La defensa de una ciudad es una forma de la guerra en la que se puede tener semejante sensación. La batalla de la Sierra había sido así. Allí lucharon con la verdadera camaradería de la revolución. Allí arriba, cuando hubo que reforzar la disciplina, él había comprendido y aprobado. Bajo los bombardeos algunos hombres huyeron por miedo. El vio cómo los fusilaban y los dejaban hincharse, muertos, al borde de la carretera, sin que nadie se preocupase de ellos si no era para quitarles las municiones y los objetos de valor. Quitarles las municiones, las botas y los chaquetones de cuero era cosa ordinaria. Despojarlos de los objetos de valor era una cosa práctica. Así era el único medio de impedir que los cogieran los anarquistas.

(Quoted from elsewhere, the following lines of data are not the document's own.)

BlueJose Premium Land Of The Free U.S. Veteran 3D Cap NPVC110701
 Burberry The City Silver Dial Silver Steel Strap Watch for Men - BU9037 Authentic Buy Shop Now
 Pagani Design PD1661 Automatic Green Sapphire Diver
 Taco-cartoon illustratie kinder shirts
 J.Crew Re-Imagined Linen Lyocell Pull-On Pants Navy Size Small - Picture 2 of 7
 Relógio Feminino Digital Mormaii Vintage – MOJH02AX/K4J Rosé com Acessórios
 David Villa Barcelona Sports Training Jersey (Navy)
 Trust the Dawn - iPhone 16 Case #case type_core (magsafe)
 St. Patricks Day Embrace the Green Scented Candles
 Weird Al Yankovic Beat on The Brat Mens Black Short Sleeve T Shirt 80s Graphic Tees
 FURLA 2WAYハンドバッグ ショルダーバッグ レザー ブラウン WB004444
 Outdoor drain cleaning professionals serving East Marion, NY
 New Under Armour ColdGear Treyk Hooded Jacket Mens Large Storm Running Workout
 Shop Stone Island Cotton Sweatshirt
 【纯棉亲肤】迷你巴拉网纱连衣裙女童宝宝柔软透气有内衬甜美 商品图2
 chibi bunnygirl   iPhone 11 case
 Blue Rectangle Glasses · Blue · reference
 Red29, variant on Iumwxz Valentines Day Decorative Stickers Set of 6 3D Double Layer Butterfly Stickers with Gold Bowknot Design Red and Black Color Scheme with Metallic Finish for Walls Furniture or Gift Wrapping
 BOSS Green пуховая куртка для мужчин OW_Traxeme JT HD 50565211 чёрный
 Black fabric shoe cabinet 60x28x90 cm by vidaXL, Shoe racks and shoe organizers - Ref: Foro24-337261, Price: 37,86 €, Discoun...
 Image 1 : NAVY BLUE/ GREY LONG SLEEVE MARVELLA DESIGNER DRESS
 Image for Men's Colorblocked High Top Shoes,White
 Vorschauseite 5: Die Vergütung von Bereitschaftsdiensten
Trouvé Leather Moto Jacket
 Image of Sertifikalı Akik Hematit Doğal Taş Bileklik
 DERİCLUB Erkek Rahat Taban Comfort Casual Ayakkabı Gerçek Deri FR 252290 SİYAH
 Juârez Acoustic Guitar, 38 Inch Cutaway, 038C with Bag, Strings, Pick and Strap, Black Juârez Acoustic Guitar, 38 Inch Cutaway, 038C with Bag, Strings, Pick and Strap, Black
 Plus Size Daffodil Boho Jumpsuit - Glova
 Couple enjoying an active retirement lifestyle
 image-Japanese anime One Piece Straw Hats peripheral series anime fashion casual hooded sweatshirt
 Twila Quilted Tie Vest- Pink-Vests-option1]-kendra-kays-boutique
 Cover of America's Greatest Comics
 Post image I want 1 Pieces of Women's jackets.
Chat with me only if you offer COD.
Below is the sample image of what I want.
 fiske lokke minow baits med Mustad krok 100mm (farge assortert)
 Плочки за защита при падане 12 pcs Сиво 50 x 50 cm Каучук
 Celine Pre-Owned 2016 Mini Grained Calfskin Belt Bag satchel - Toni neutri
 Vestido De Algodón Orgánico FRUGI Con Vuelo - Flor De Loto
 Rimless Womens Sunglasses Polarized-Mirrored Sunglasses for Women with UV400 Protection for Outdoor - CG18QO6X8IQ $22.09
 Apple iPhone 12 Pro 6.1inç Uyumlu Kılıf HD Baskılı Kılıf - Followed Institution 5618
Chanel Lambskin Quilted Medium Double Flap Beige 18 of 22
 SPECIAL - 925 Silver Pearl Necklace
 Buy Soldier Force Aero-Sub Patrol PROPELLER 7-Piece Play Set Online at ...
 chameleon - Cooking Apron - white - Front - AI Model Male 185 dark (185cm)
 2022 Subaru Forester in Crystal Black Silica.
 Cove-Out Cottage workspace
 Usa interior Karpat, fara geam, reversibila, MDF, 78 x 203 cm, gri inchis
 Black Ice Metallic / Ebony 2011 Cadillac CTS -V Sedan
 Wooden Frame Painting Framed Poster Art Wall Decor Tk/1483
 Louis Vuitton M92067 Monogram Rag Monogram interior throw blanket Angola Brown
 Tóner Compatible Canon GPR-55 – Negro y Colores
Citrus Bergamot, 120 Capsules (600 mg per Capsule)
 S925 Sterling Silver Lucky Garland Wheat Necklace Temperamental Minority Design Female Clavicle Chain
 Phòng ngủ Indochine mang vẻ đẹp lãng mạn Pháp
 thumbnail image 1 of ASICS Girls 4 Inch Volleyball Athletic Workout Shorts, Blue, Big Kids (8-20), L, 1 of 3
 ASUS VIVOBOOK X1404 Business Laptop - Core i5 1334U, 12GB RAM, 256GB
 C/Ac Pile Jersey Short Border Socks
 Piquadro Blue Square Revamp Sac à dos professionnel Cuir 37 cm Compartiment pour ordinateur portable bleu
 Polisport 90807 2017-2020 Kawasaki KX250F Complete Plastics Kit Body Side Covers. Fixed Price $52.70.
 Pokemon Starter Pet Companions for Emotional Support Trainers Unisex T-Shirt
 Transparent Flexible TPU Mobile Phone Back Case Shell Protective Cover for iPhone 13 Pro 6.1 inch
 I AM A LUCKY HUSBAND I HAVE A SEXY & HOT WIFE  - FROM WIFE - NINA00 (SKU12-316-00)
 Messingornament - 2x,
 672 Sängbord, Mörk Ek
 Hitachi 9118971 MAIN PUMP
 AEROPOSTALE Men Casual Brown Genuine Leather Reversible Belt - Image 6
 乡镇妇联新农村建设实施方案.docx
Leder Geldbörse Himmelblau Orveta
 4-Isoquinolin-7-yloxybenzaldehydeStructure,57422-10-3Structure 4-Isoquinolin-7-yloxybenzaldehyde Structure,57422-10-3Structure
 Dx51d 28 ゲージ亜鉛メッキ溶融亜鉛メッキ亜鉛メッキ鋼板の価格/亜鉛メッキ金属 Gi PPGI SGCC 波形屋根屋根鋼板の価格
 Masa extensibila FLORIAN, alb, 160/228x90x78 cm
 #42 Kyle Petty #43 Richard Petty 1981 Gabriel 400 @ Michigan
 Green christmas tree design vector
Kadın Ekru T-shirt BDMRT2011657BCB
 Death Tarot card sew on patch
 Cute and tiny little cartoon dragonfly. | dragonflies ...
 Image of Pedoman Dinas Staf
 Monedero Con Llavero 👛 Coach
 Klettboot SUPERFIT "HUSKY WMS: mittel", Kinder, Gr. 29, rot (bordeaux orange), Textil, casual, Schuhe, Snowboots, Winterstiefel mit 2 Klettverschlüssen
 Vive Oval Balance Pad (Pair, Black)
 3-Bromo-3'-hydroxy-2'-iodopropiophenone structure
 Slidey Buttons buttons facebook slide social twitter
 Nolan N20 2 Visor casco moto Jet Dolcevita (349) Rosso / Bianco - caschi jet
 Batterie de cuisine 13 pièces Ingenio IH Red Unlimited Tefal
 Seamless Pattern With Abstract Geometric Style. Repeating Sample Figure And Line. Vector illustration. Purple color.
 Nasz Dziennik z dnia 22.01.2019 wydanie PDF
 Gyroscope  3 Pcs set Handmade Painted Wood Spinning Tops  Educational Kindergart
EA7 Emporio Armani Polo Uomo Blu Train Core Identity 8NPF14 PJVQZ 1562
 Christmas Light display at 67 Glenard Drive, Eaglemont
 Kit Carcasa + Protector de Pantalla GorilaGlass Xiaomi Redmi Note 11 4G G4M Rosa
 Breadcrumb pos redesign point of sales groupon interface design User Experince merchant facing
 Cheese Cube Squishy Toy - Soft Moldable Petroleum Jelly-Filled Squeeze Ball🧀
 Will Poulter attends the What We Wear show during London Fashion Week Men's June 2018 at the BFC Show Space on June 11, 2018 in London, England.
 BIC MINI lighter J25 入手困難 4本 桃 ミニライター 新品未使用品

Parecía justo y necesario fusilar a los fugitivos. No había nada malo en ello. La fuga era egoísta. «Los fascistas habían atacado y nosotros los habíamos detenido en aquella ladera de las montañas del Guadarrama, con sus rocas grises, sus pinos enanos y sus tojos. Resistimos en la carretera bajo las bombas de los aviones y luego bajo los obuses, cuando trajeron la artillería, y por la noche, los supervivientes contratacaron y los obligaron a retroceder. Más tarde, cuando los fascistas intentaron deslizarse por la izquierda, colándose entre las rocas y los árboles, nosotros aguantamos en el Clínico, disparando desde las ventanas y el tejado, aunque ellos lograron infiltrarse por los dos lados y supimos entonces lo que era estar cercados, hasta el momento en que el contraataque los rechazó de nuevo, más allá de la carretera.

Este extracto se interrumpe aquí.